When his grandmother is attacked by a supernatural entity in a way that could have killed her, he decides to take the heroic action of…. Calling her twice a day to check her emotional state. Which is ridiculous enough on its face, but then he doesn’t even do that. Poor Grandma.
He finds his fiancee (who is also his partner at work, aka A COP) cutting herself while injecting illegal drugs and his reaction is a shrug of the shoulders and business as usual.
And can we talk about Angela? Look, I get that it’s hard for straight dudes to write women. They are mysterious and kind of scary, and like, all of them act different, and some of them smell good and some are kind of tall and whatnot. But the casual, rampant misogyny in Preordained is some next level male gaze grossness. For example, a slave girl is raped by a demon, but it’s cool, she likes it eventually.
Going back to Angela, she and Art’s ex-wife have some kind of history that could be interesting, but nope. They’ve always fought over men, of course, because that’s all women exist for in this book. Like, Angela is supposed to be Art’s equal, she’s also a cop, a PROFESSIONAL FREAKIN COLLEAGUE (when she’s not cutting herself and shooting up, I guess?), ostensibly a talented one, but she calls him Daddy and begs to move in with him. Oh, and Art takes pride in “standing by her through her addiction” and “keeping his engagement vow to be there for her always”. Note – the drug reveal & engagement happened early in the book, and those things lasted for the entirety of the book – about two whole days days. In a row. Ladies, are ya’ll swooning yet?

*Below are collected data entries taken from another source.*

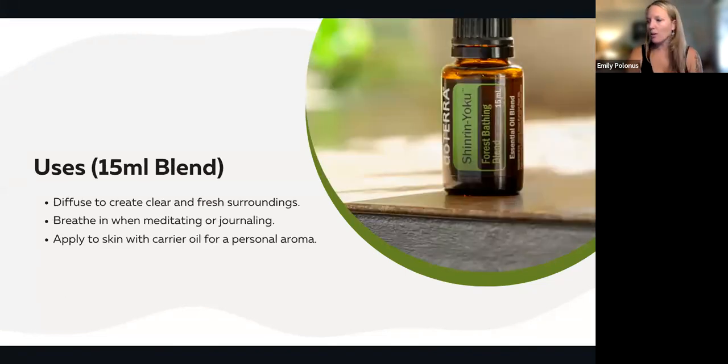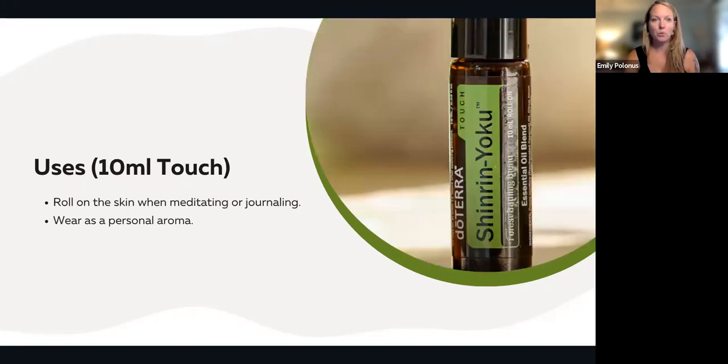We have the 15 ml blend — our 15 ml bottles contain 250 drops of oil, just for your reference. You can diffuse it to create clear and fresh surroundings. I've been having this one pumping through my diffuser a lot since I got home. You can breathe it in when meditating or journaling, and you can apply it to your skin with a carrier oil or lotion as a personal aroma. We also have it in the touch delivery form — our roller balls mean the oil is diluted with fractionated coconut oil, making it easy to use on the go. It's diluted, safe for your skin, safe for kids, safe for elderly skin, and a really nice way to use it as a personal aroma.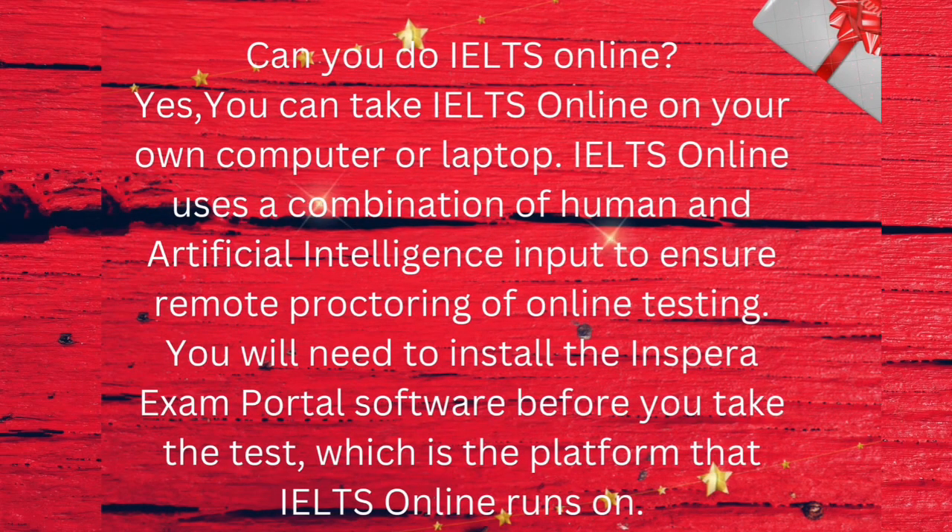Can you do IELTS online? Yes, you can take IELTS online on your own computer or laptop. IELTS online uses a combination of human and artificial intelligence input to ensure remote proctoring of online testing. You will need to install the INSPRA exam total software before you take the test, which is the platform that IELTS online runs on.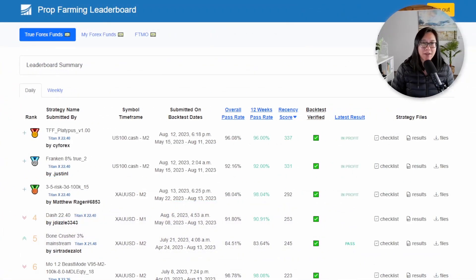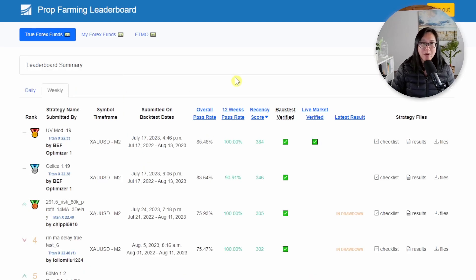I started a brand new 25k challenge with True Forex Fund. I was really keen on the US 100 cash strategy, but unfortunately it seems like that strategy only works for potentially 100k accounts — when I tested it for a 25k account it doesn't seem to scale down that well. So I did have to resort to a weekly challenge and I chose the UV mod 19.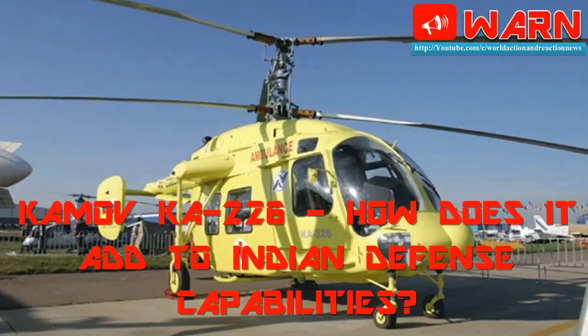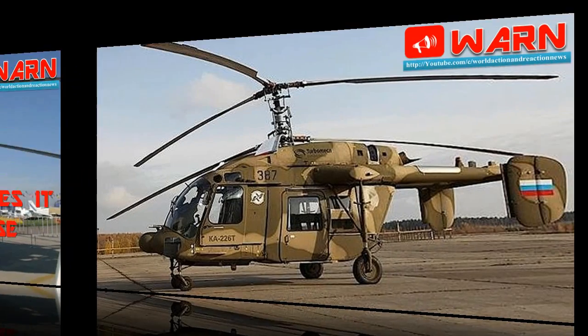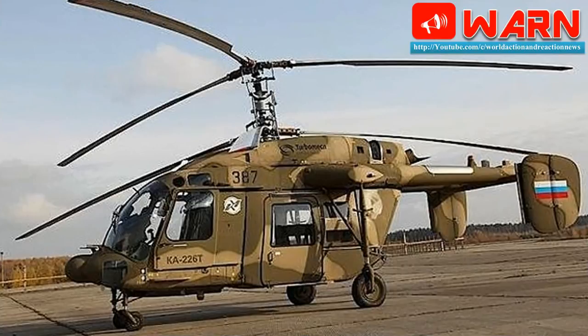Kamov Ka-226: How does it add to Indian defense capabilities? With Russian President Vladimir Putin finally giving the go-ahead for setting up an Indo-Russian joint venture to produce the Kamov Ka-226 military helicopters, as per a $1 billion deal inked in 2015, the Indian military is finally set to get a reprieve from its critical helicopter shortage.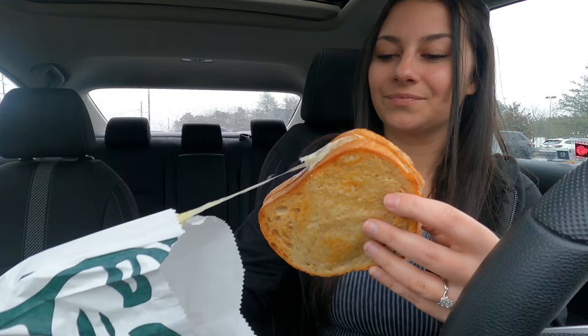Honestly, it's not as good as I remember. When I was a kid these were like the best things ever. It's okay, but I would definitely prefer a cold brew or a shaken espresso with cold foam — those are so good.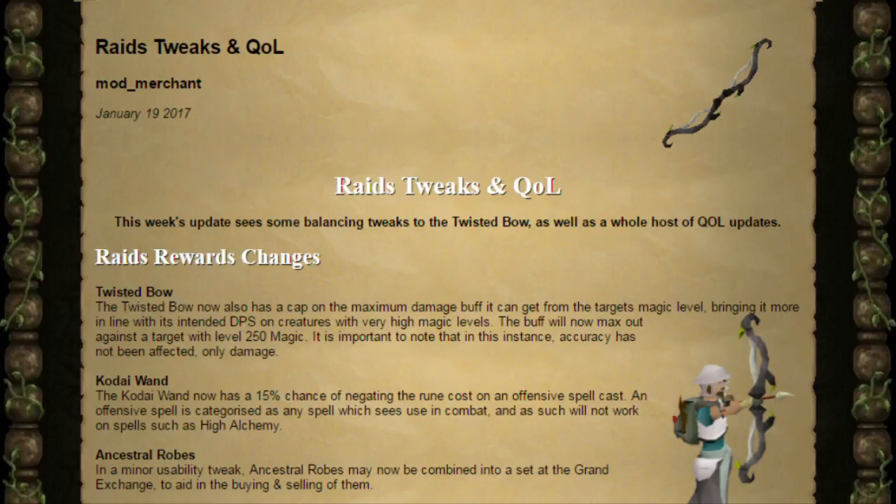The last reward change is to the Ancestral Robes — it's just a minor change. Ancestral Robes can now be combined into a set at the Grand Exchange to help you buy and sell them.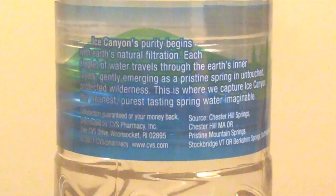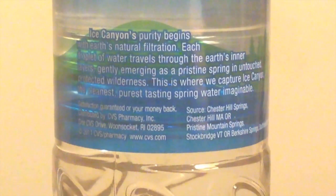Let me read what the back of Ice Canyon says. It says: 'Ice Canyon natural spring water's purity begins with Earth's natural filtration. Each droplet of water travels through the Earth's inner layers, gently emerging as a pristine spring in untouched, protected wilderness. This is where we capture Ice Canyon, the cleanest, purest-tasting spring water imaginable.' And it's sold at CVS Pharmacy.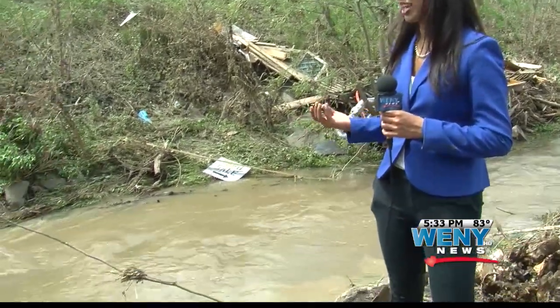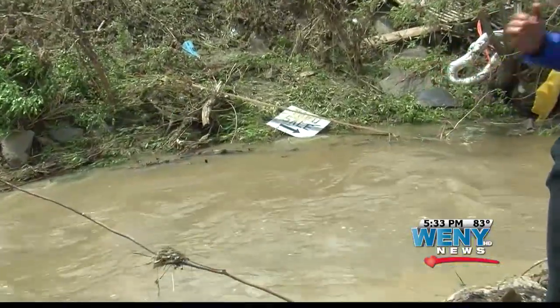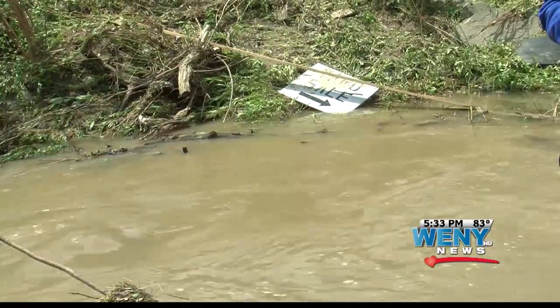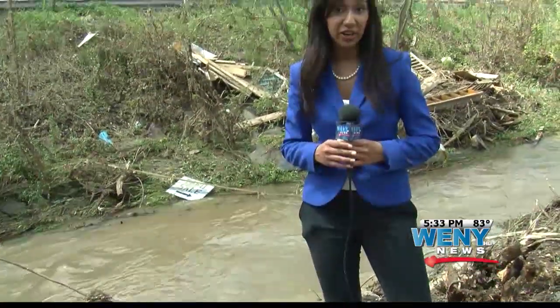Renata and Ben, this creek is the cause of the major damage here in Panyan. Flash flooding caused the waters to rise up and spread throughout the area, damaging several homes. Earlier this morning, some families even had to be rescued by firefighters.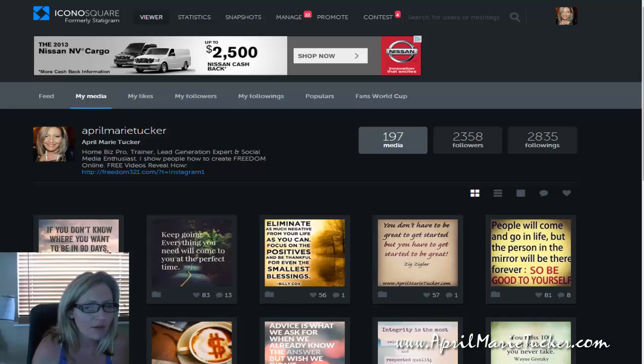I actually shot a video, I believe it was Friday or Thursday, and shared a few things about iconosquare.com that will allow you to promote and get more Instagram followers and things like that. And today I just wanted to kind of also finish it up with another way that you can use Iconosquare, because if you use Iconosquare, you can actually simplify a lot of the marketing that you're already doing.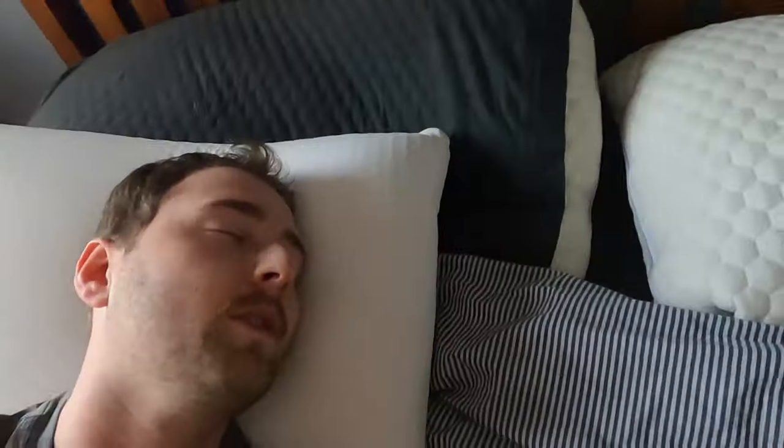It feels super squishy when you first lay your head on it, but then it kind of just supports you. So it makes your head feel buoyant — almost like your head is floating on top of water — but it's hard to describe. It's pretty pleasant, a little strange, but nice. On my last pillow, you would never know what you were rolling over into. This is so consistent across the whole pillow — it's got the same feel — which is nice and pleasant. It means that no matter where you roll over, you're getting that same kind of support. Big bonus there.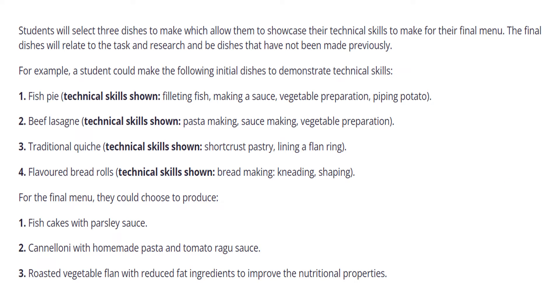In the technical skills section, a student could make a fish pie. The technical skills shown here include filleting fish, making a sauce, vegetable preparation and piping potatoes.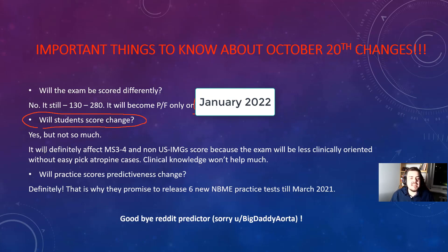About practice test scores: right now I don't recommend you to buy any practice tests — only USMLE World 1 and USMLE World 2. Because all the Sanbimi practice tests will be irrelevant. They're adding six more practice tests — six — launching March 2021. So you can say goodbye to the Reddit predictor. Shout out to the guy called Big Daddy Aorta who made the predictor, but right now his scores will probably be very irrelevant.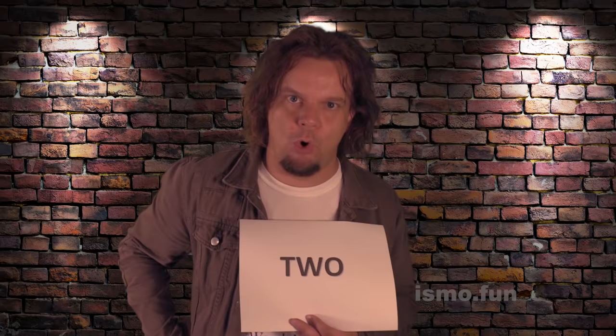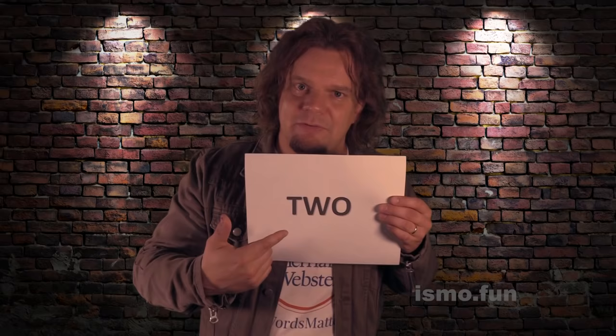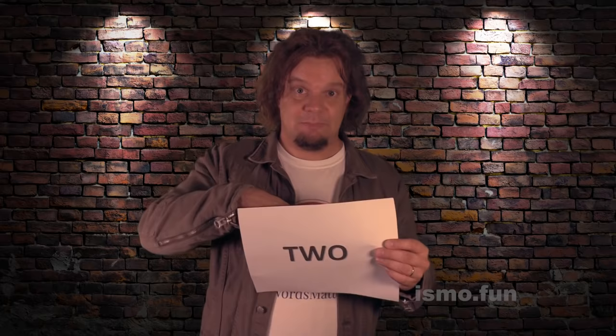It's T and U. Two. Wait a minute — T, W, O. Two. In the first number there is a W but there is no W. But in this one there is no W but there is a W. Like who came up with this? It's crazy. So Ws are destroying the numbers in English. That's the lesson of today. I think this is very complicated.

Of course, there’s a sex scene between the two of them, and I’m not going to even touch on that one other than to say I may have torn a cringe muscle.
Scenes shift, people randomly pop in and out of them, things happen for no reason and with no apparent results (in one dramatic scene, Art turns in his badge, and thus is no longer a police officer, in the next, he’s working away in his office at the police station). The supernatural elements just happen, there’s no build-up or foreshadowing or even emphasis on how strange something is, it’s just a thing that happens before the next thing that happens. There’s a lot of dialogue that I could quote, but I’m just going to say “painful”, and call it quits with that one. And the ultimate weapon against dark forces is Dumbo’s magic feather.
I think you all get the idea. Mr. Wallace definitely has some great ideas, and seems willing to do research for his books, but what he really needs is a team of tough beta readers and editors.
The Nerd’s Rating: ONE (MOSTLY SAD) HAPPY NEURON. (and some Metallica. Because you can’t throw a Satan party without Metallica.)